A >400 word answer to your questions in a PM last month that you never responded to, which included advising that you consider mounting options. Most people would have at least taken a few seconds to say "OK. thanks", and you clearly didn't consider that you have multiple hosts which won't be directly compatible with a fixed 5/8-24 DT can, even though I said in that message:

....mounting systems are something to consider. Most of the industry has moved to 1.375-24 Bravo pattern threads in rifle cans so you can choose from multiple mounting systems and change them at will, from ~1 ounce titanium direct thread adapters to heavier QD systems, or taper mounts that are in between weight-wise and have the benefit of a muzzle brake inside the can as well as better repeatability, better retention and faster installation than direct thread...[snip]...incompatibility with other mounting systems is something to keep in mind.



I'm happy to share everything I know freely, but I get salty when the time I take to do so is unappreciated.
 
My question is: To get to the 5/8 x 24 threading for these adapters, I will need to add a thread adapter converter to the original rifle threading. My fear is that the tolerance of the threading of the initial thread converter might throw this off and I could ruin my suppressor.

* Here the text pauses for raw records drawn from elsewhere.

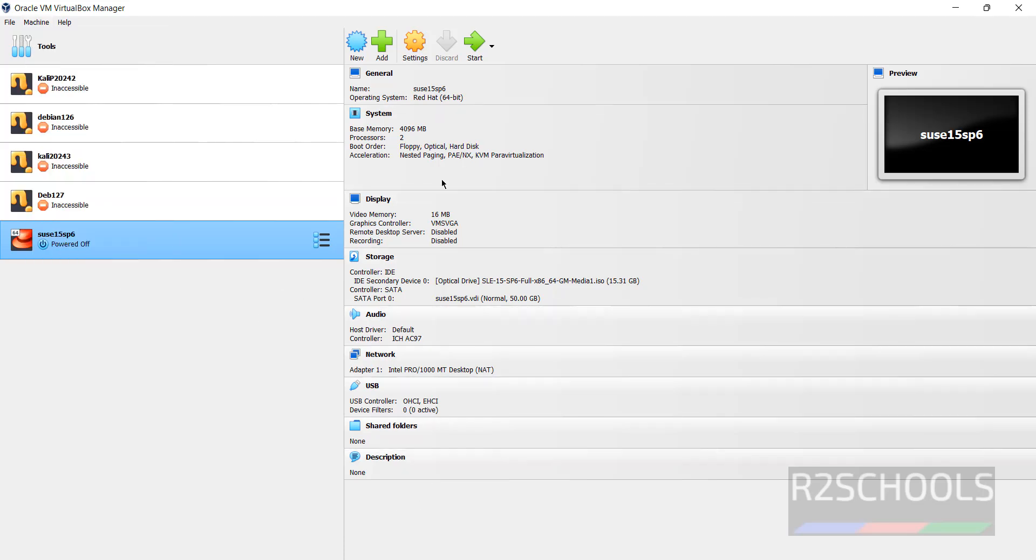Now if you are okay with all these settings, then click on the start button to start the installation of SUSE Linux 15 on VirtualBox.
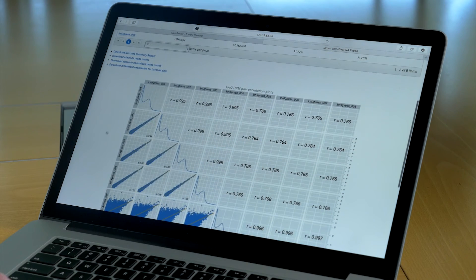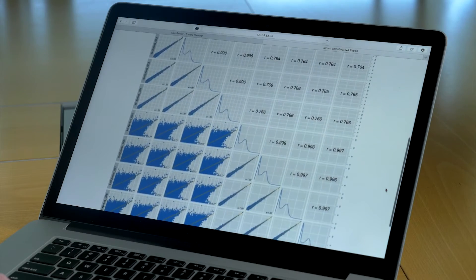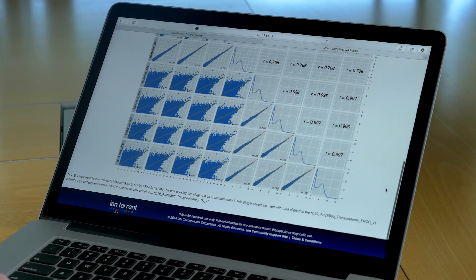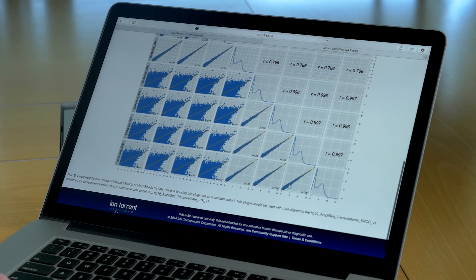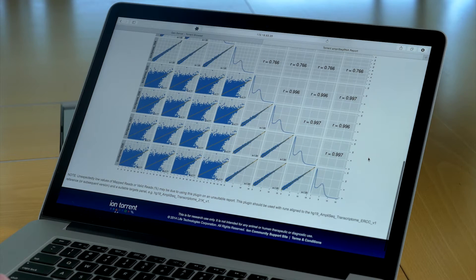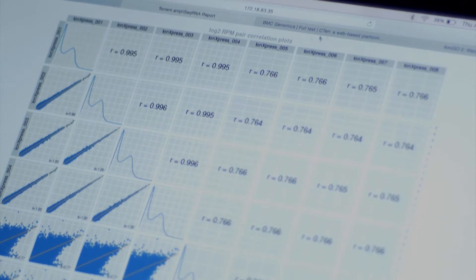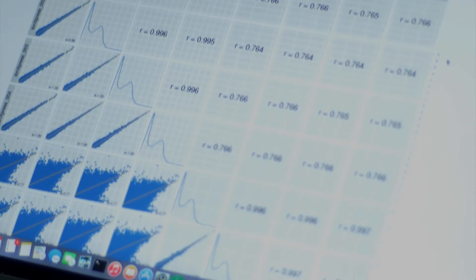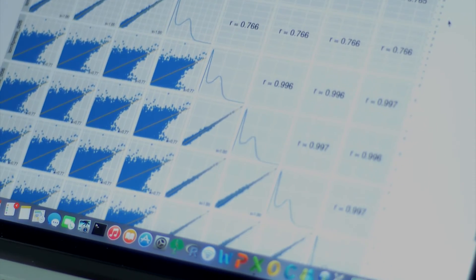When multiple samples are run simultaneously on a single chip, all multiplexed and barcoded samples are plotted as pairwise comparisons. So replicates should display high correlation coefficient values, as shown here in the upper left and lower right quadrants.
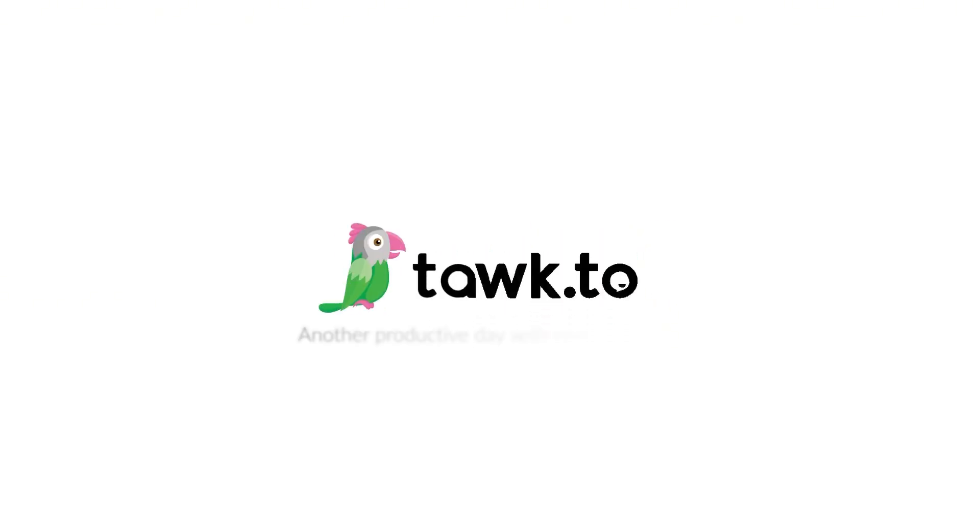For further instructions on how to use this function, please visit our community center or schedule a call with an AI Assist Specialist by clicking the link in the description.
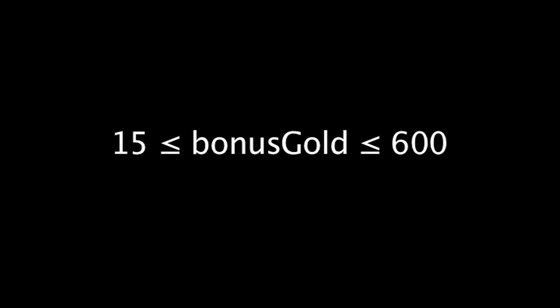A champion must be the last one to deal damage to the target in order to get the kill benefits. The gold benefits of getting a kill can range from 15 gold to 600 gold, depending on the champion that dies.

If I had that fear, I would machine the OD of the adapter to thread into the suppressor. Then I would indicate the suppressor and machine/thread the ID of the adapter after it is installed. This way I don’t have the “stack” of the two tolerance’s. Doesn’t matter if a blind kid machined the first one as I am indicated off the bore for the ones I made.
 
A >400 word answer to your questions in a PM last month that you never responded to, which included advising that you consider mounting options. Most people would have at least taken a few seconds to say "OK. thanks", and you clearly didn't consider that you have multiple hosts which won't be directly compatible with a fixed 5/8-24 DT can, even though I said in that message:

....mounting systems are something to consider. Most of the industry has moved to 1.375-24 Bravo pattern threads in rifle cans so you can choose from multiple mounting systems and change them at will, from ~1 ounce titanium direct thread adapters to heavier QD systems, or taper mounts that are in between weight-wise and have the benefit of a muzzle brake inside the can as well as better repeatability, better retention and faster installation than direct thread...[snip]...incompatibility with other mounting systems is something to keep in mind.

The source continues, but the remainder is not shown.